The Sunday Mail
Sunday Mail Correspondent
ON July 4, Rwanda will commemorate its 27th Liberation Day (Kwibohora 27) to mark the day the Rwanda Patriotic Front liberated the country and stopped the genocide against the minority Tutsi community.
Rwanda descended into mayhem from April 7, 1994 when the genocidal government and its militias began slaughtering the Tutsi.
One million people were killed in 100 days of bloodletting, in massacres which were meticulously planned and executed by the hardline genocidal regime.
The killings were halted after the Rwanda Patriotic Front led by the now president, Paul Kagame, defeated the regime and drove them out of power.
From the devastation and hopelessness that followed the horrors of the genocide, Rwanda has defied all odds to become a model country touted as the Singapore of Africa.
So grand was the socio-economic transformation that Rwandan refugees, who fled the country to Zimbabwe during its dark days and returned under a United Nations High Commission for Refugees “go-and-see” visit, could not recognise their own country.
Outlining the Liberation Day, Rwanda’s Ambassador to Zimbabwe, James Musoni, said after driving out the extremist government, the Rwanda Patriotic Front set up a new governance system that promoted unity and reconciliation among the people of Rwanda.
It removed all forms of discriminatory norms and rules that were established by the previous regime. But the new government faced a myriad of serious challenges after the liberation of Rwanda.
Over one million of innocent Tutsis were killed and their bodies were scattered everywhere.
Up to 3,7 million people went into exile. Government coffers were emptied by the regime that executed the genocide. Rwanda was teeming with orphans, internally displaced people, injured and handicapped people with fresh wounds. All Government offices were dysfunctional including key social infrastructure such as schools and hospitals after teachers and doctors fled the country.
However, despite these overwhelming challenges, the victorious and dedicated RPF led by president Kagame transformed Rwanda into a model country revered across the African continent.
The RPF government successfully repatriated more than 3,4 million refugees that were camping close to Rwanda’s borders with the Democratic Republic of Congo, Tanzania, Burundi and Uganda.
“The refugees were all left to re-occupy their properties”, said Ambassador Musoni.
To ensure that victims of the genocide got justice, the RPF-led government, through home grown solutions, settled about two million cases related to the genocide in a short space of time.
In addition, the government introduced memorial sites around Rwanda to honour the remains of the innocent Tutsis that were scattered everywhere.

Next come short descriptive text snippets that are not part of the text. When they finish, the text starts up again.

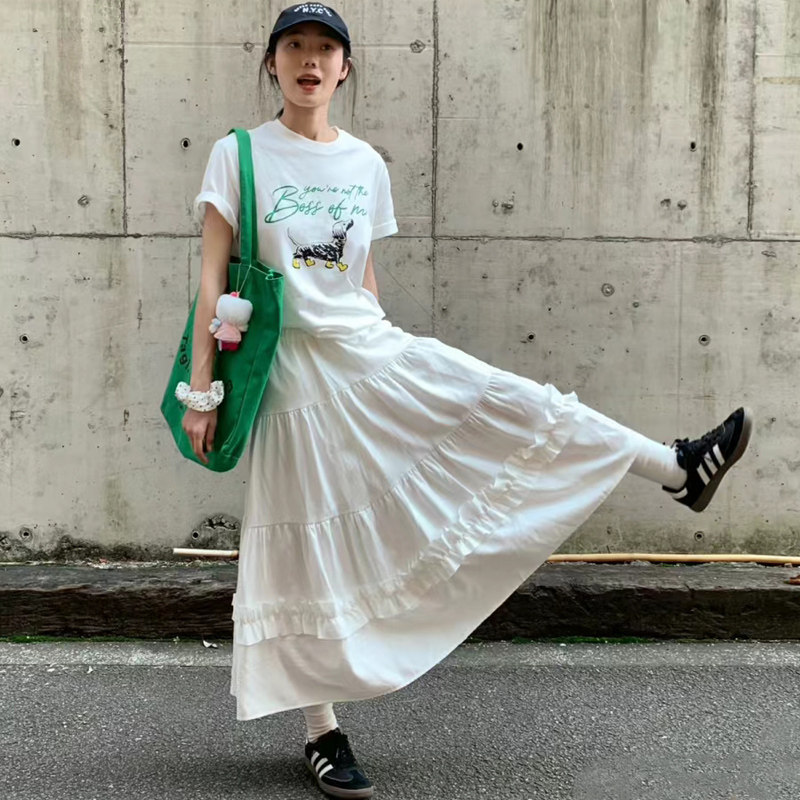 白色法式蓬蓬裙女春秋夏2025新款气质仙女a字半身裙芭蕾蛋糕裙子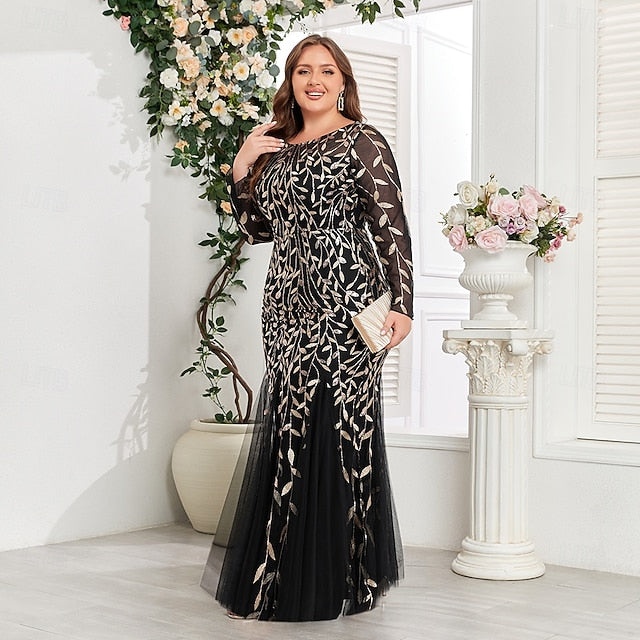 Mermaid Trumpet Floor Length Evening Gown Sparkle Plus Size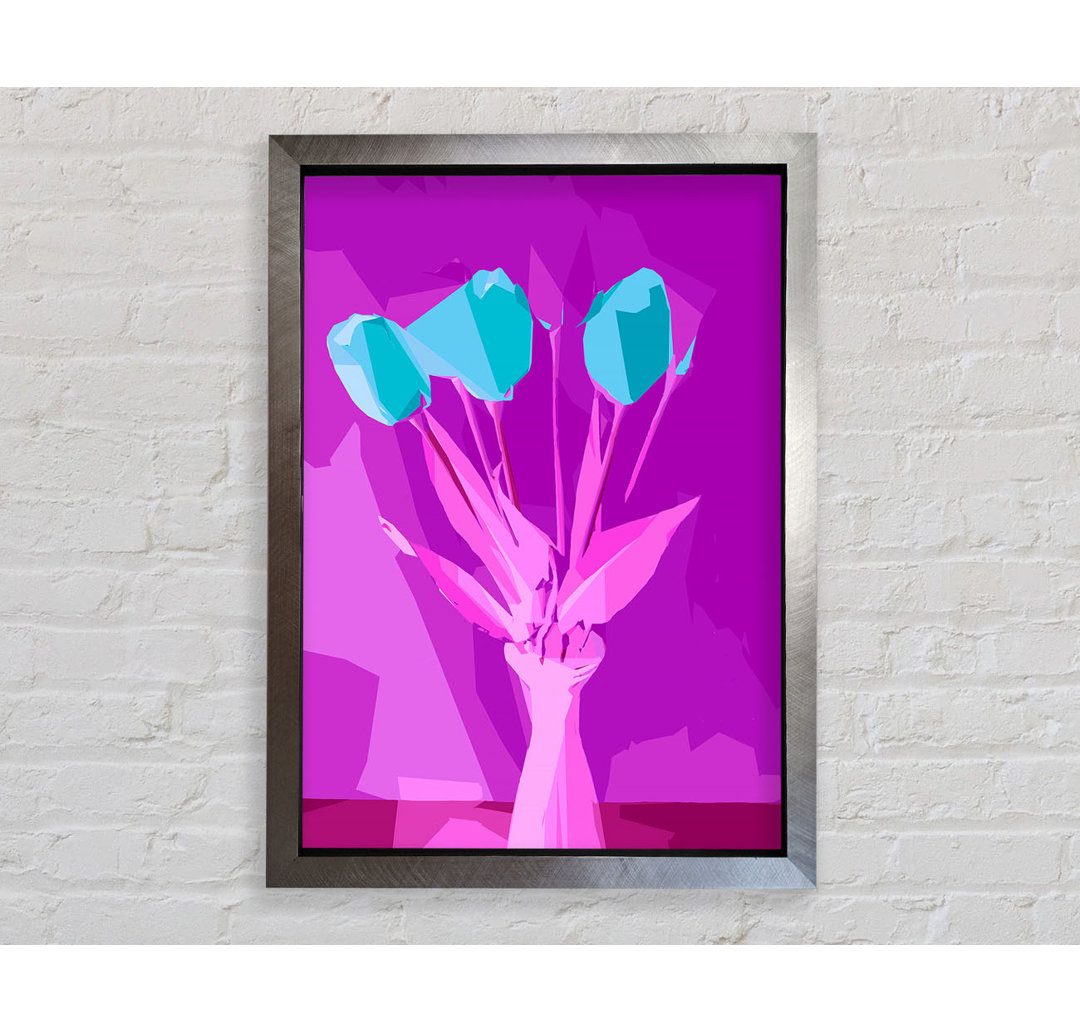 Gerahmtes Wandbild Pop Art Tulips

A fund to support genocide victims and survivors was established to cater for their basic needs such as health, education and housing.
In the year 2000, Kagame took over as president and immediately hit the ground running, introducing governance approaches that set the stage for Rwanda’s transformation.
“The policies quickly revamped different sectors of the country (political, economic and social development),” added Ambassador Musoni.
Rwandan leaders have espoused values of selflessness, self-reliance and self-determination, national identity, equity (including gender and youth), participation in the global community and good governance.
There is also a reinforcement of dignity in the conduct of Rwanda’s foreign relations. It has engaged constructively with other nations around the world through regional and multilateral organisations for the promotion of mutual and collective interests.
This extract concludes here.